Research Themes

Research in the Haynes group focusses on mechanistic aspects of homogeneous transition metal catalysed reactions, particularly industrially important processes such as methanol carbonylation and alkene hydroformylation. Synthetic, spectroscopic, kinetic and computational methods are used to study the structure and reactivity of organometallic complexes and their roles in catalysis.

Mechanisms of rhodium and iridium catalysed methanol carbonylation 

The catalytic carbonylation of methanol to acetic acid is one of the most significant industrial applications of homogeneous transition metal catalysis. In collaboration with BP Chemicals, we have undertaken detailed mechanistic studies on rhodium and iridium catalysed processes, both operated on a large scale commercially. Highlights include the first spectroscopic detection of a highly reactive Rh-methyl intermediate in the rhodium-catalysed process [1] and elucidation of the role of promoters in the iridium-based CativaTM process.[2]

Ligand effects on organometallic reactivity 

We are interested in how the rates of key steps in catalytic cycles can be influenced by the electronic and steric properties of "spectator" ligands, e.g. phosphines, imines and N-heterocyclic carbenes.
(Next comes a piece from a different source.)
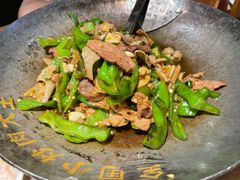 -费大厨辣椒炒肉(万家丽一店)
Strongly donating ligands tend to promote oxidative addition and retard migratory CO insertion, whereas sterically bulky ligands tend to have the opposite effects on these steps.[3] In a study of the mechanism of rhodium/xantphos-catalysed methanol carbonylation it was found that the key intermediates contained xantphos coordinated as a tridentate "pincer" ligand and the nucleophilicity of the metal center is enhanced by a Rh---O interaction.[4] Our experimental studies are complimented by theoretical (DFT) calculations, in collaboration with Prof. Anthony Meijer.

Supported catalysts

Another area of research is the heterogenisation of metal catalysts in on solid supports such as polymers and metal-organic frameworks (MOFs). A collaborative UK Catalysis Hub project looked at how the behaviour of Crabtree's hydrogenation catalyst is modified when encapsulated in a MOF using ionic interactions.[5]  In other recent projects we investigated rhodium carbonylation catalysts supported on MOFs and on dispersible microporous polymer nanoparticles.[6]

References 

1. (a) J. Am. Chem. Soc., 1991, 113, 8567; (b) J. Am. Chem. Soc., 1993, 115, 4093 

2. J. Am. Chem. Soc. , 2004, 126, 2847 

3. (a) J. Am. Chem. Soc., 2002, 124, 13597; (b) Organometallics, 2003, 22, 1047; (c) Organometallics, 2003, 22, 4451 

4. Organometallics, 2011, 30, 6166

5. Angew. Chem. Int. Ed., 2018, 57, 4532.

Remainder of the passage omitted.